→ DATA PROVIDED:
---
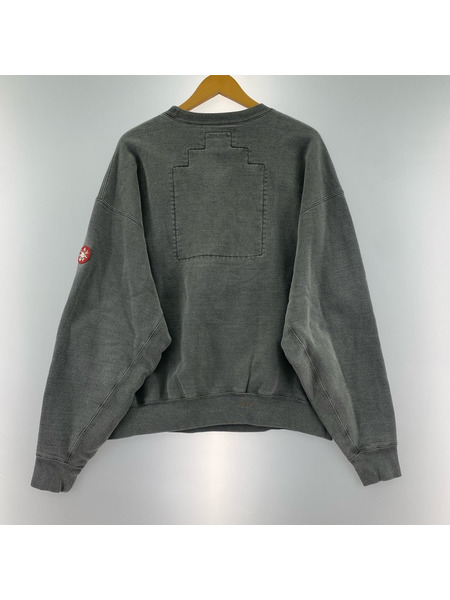 C.E 24ss OVERDYE WB HEADS x 4 C.E CREW NECK L フェードブラック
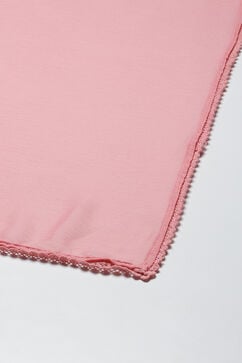 Pink Rayon A-Line Kurta Slim Pant Suit Set image number 4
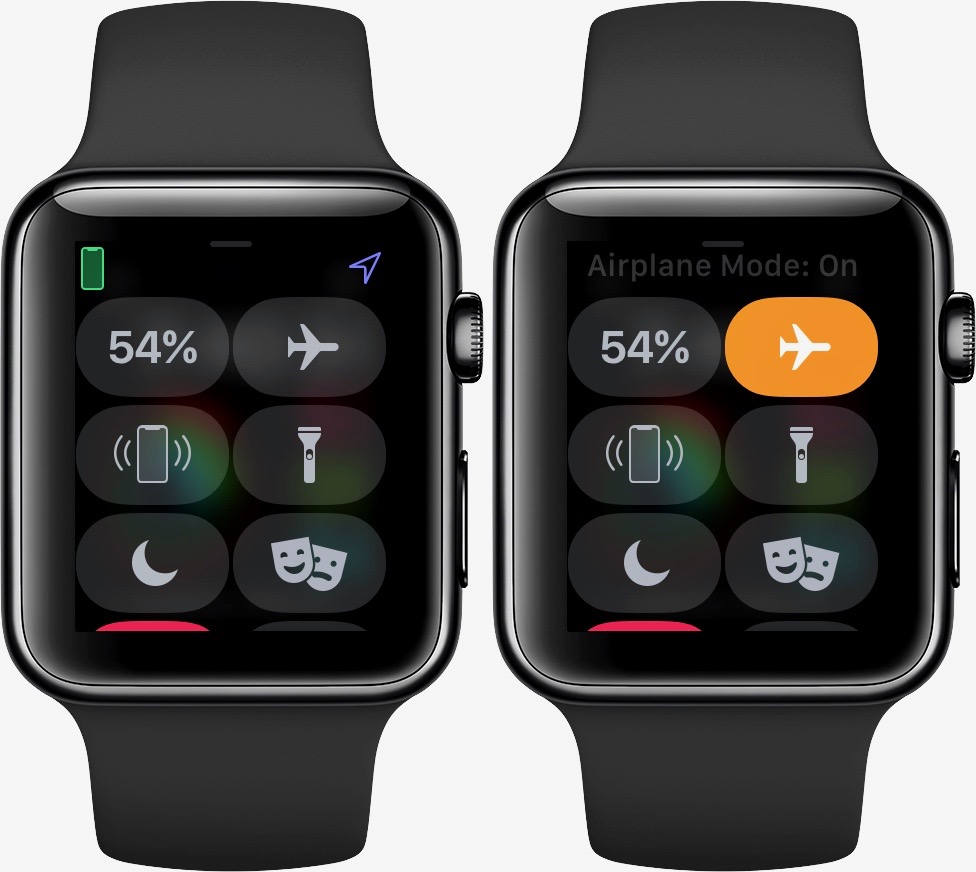 Does apple watch have airplane mode hot sale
---
→ DESCRIPTION OF THE TASK: Copy the data word for word, no pictures.

→ YOUR SOLUTION:
 C.E 24ss OVERDYE WB HEADS x 4 C.E CREW NECK L フェードブラック
 Pink Rayon A-Line Kurta Slim Pant Suit Set image number 4
 Does apple watch have airplane mode hot sale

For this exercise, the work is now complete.